Persoalannya, meskipun produksi meningkat, petani tetap miskin. Swasembada
beras juga hanya bertahan sampai 1989. Sejak itu sampai sekarang, impor selalu
berulang ketika produksi turun. Dua tahun terakhir, impor beras mencapai 2 juta
ton per tahun.
Revolusi
Hijau adalah kekaguman sekaligus kekecewaan. Hasilnya yang
begitu cepat memunculkan kekaguman, tapi diakhiri kekecewaan berkepanjangan di
kemudian hari. Ini tak hanya terjadi di Indonesia, tapi juga di Filipina,
Thailand, dan negara-negara Amerika Latin. Banyak studi menyebutkan, di balik
Revolusi Hijau, sesungguhnya terselip kepentingan bisnis kotor para korporasi
transnasional (Tata, 2000). Dimensi penting Revolusi
Hijau adalah kontrol kaum kapitalis (negara maju) terhadap kekayaan
genetika dunia ketiga. Paket-paket Revolusi Hijau, terutama adopsi pupuk
(kimia) dan pestisida, terbukti merusak tanah serta lingkungan sehingga
menyulitkan kontinuitas produksi.
Pemakaian pupuk anorganik terus-menerus dan
takarannya yang selalu ditingkatkan membuat kualitas tanah terdegradasi.

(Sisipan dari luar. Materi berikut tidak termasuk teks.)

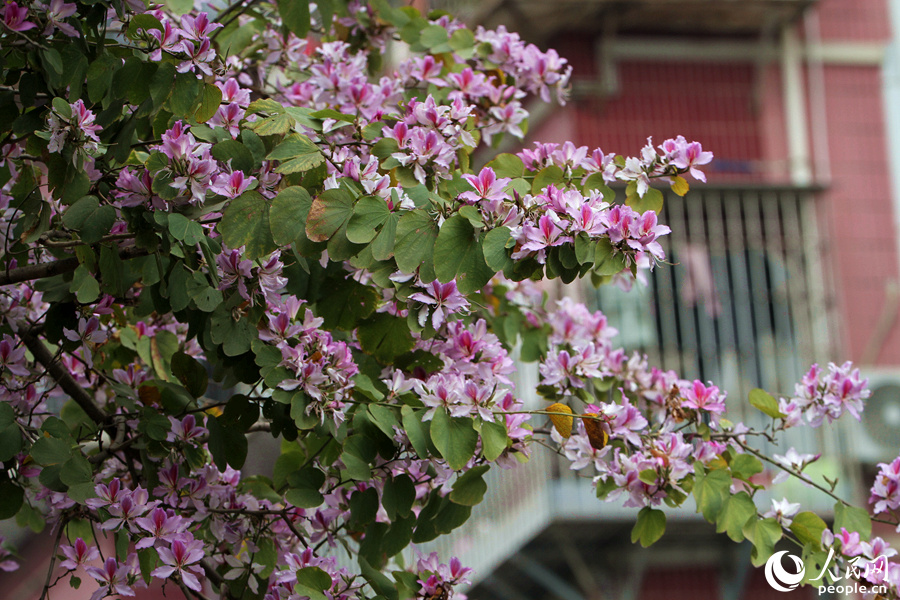 厦门禾祥西路沿街居民推窗可见满目春花。人民网 陈博摄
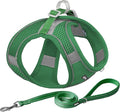 AIITLE No Pull Dog Harness and Leash Set, Step in Adjustable Dog Harness by AIITLE-FORPETSBETTERLIFE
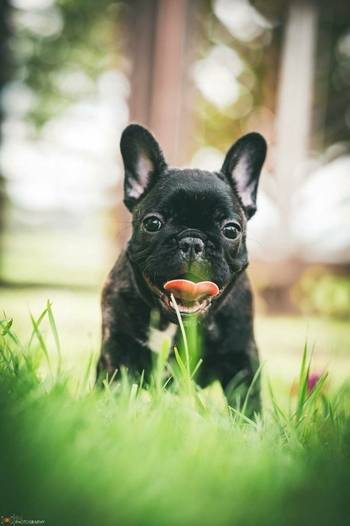 Joga ze szczeniakami buldoga francuskiego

Akibatnya, pemupukan tidak bisa lagi menaikkan hasil. Varietas unggul yang
ditanam rakus hara dan mineral, sehingga tanah harus terus-menerus diberi input
hara dan mineral dalam jumlah besar. Pestisida yang digunakan bertubi-tubi
tanpa pandang bulu menciptakan generasi hama dan penyakit yang kebal. Varietas
unggul yang selalu dimunculkan tiap kali ada hama/penyakit yang kian tangguh
telah mengerosi varietas milik petani yang menghasilkan nasi pulen dan wangi.
Varietas lokal yang tidak rakus hara tidak hanya tersingkir, tapi juga mulai
punah.
Dampak paling terasa dari pemakaian pupuk
anorganik yang takarannya terus meningkat adalah makin tidak responsifnya
tanaman terhadap pemupukan. Meskipun takaran pupuk diperbesar, tingkat
produktivitasnya tidak sebanding dengan penambahan input pupuk. Dalam
bahasa ekonomi, ini dikenal dengan the law of diminishing return.
Dilihat dari teknologi produksi, apa yang dihasilkan petani saat ini di sentra
padi sudah mendekati batas frontier yang bisa dicapai di lapangan.
Kajian Mahbub Hossain dan Narciso dari International
Rice Research Institute (2002) menemukan, rata-rata produktivitas usaha
tani padi di lahan irigasi di Indonesia mencapai 6,4 ton per ha, kedua
tertinggi di Asia Timur dan Asia Tenggara setelah Cina (7,6 ton per ha).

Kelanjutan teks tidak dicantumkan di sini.